French President Hollande vowed to attack the ISIS without mercy as the jihadist group admitted responsibility Saturday for orchestrating the deadliest attacks inflicted on France since WWII.
France Vows to Punish ISIS for Paris Attacks That Killed 127
Women comfort each other as they stand in front of the Carillon cafe, in Paris, Nov. 14, 2015. French President Francois Hollande vowed to attack Islamic State without mercy as the jihadist group admitted responsibility Saturday for orchestrating the deadliest attacks inflicted on France since World War II. (AP Photo/Thibault Camus)
The Associated Press
11/14/2015
Updated:
11/14/2015

PARIS—French President Francois Hollande said Saturday that France would wage “merciless” war on the Islamic State (ISIS), after the jihadists claimed responsibility for a gun and bomb rampage targeting the vibrant cafes, bars and clubs of Paris—an attack on the heart of the City of Light that killed more than 120.

Grief, alarm and resolve spread across Europe as officials raced to piece together information on the attackers. Officials said one was a young Frenchman known to the authorities; a Syrian passport found near the body of another was linked to a man who entered the European Union through a Greek island last month.

Hollande said at least 127 people died Friday night when attackers launched gun attacks at Paris cafes, detonated suicide bombs near France’s national stadium and killed hostages inside a concert hall during a rock show. More than 200 people were hurt, dozens critically.

“These places are the places we visit every week,” said Ahsan Naeem, a 39-year-old filmmaker who has lived in Paris for seven years. “Streets we walk every day.

“All those places will have been full of my people.
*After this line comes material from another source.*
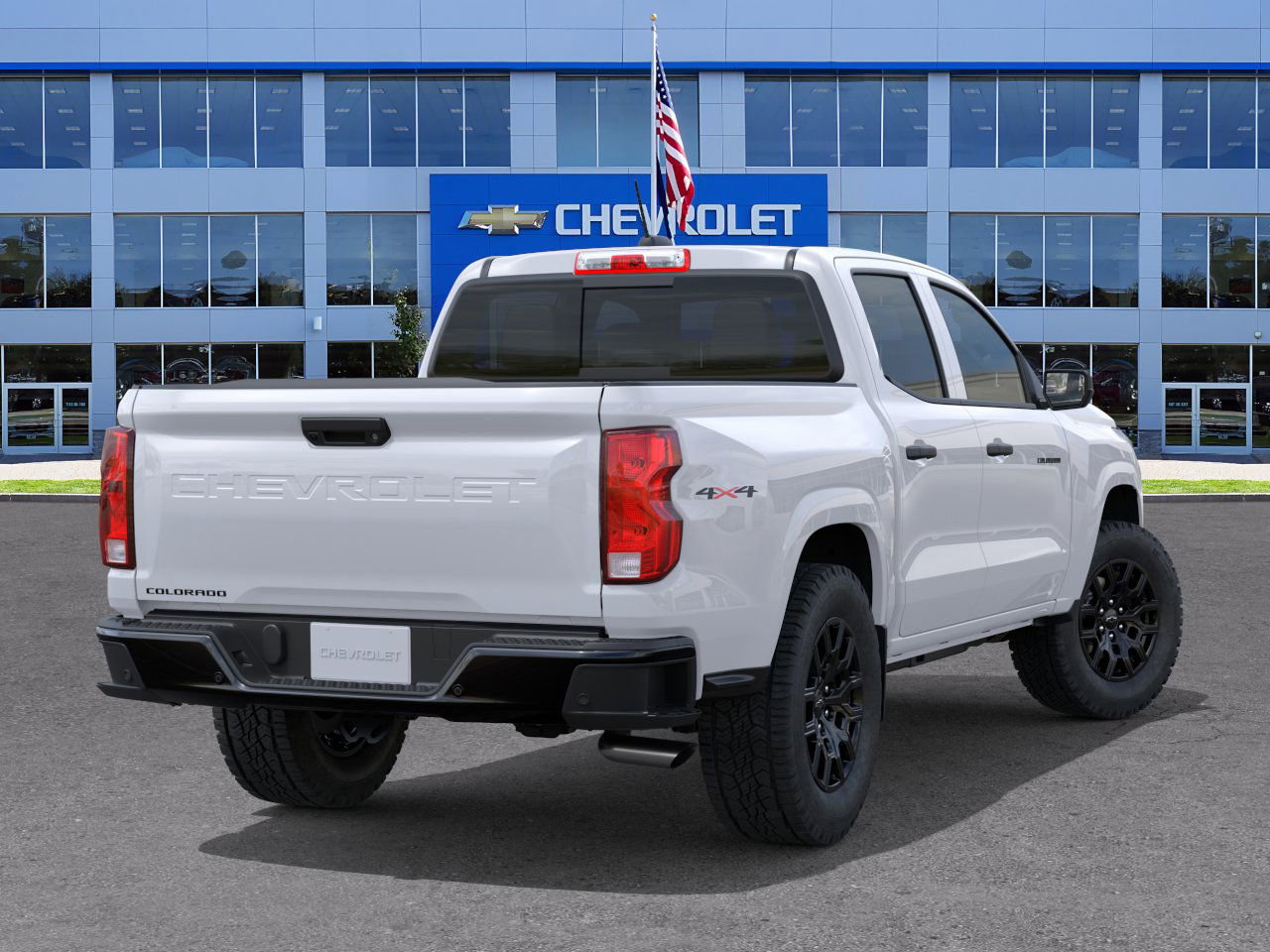 2026 Chevrolet Colorado Work Truck photo 4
My friends. My acquaintances.”

Hollande, who declared three days of national mourning and raised the nation’s security to its highest level, called the carnage “an act of war that was prepared, organized, planned from abroad with internal help.”

1899660, 1899277, 1899483[/morearticles]

The militants launched at least six gun and bomb attacks in rapid succession on apparently indiscriminate civilian targets.

Three suicide bombs targeted spots around the national Stade de France stadium, in the north of the capital, where Hollande was watching a France-Germany soccer match. Fans inside the stadium recoiled at the sound of explosions, but the match continued.

Around the same time, fusillades of bullets shattered the clinking of wine glasses in a trendy Paris neighborhood as gunmen targeted a string of crowded cafes.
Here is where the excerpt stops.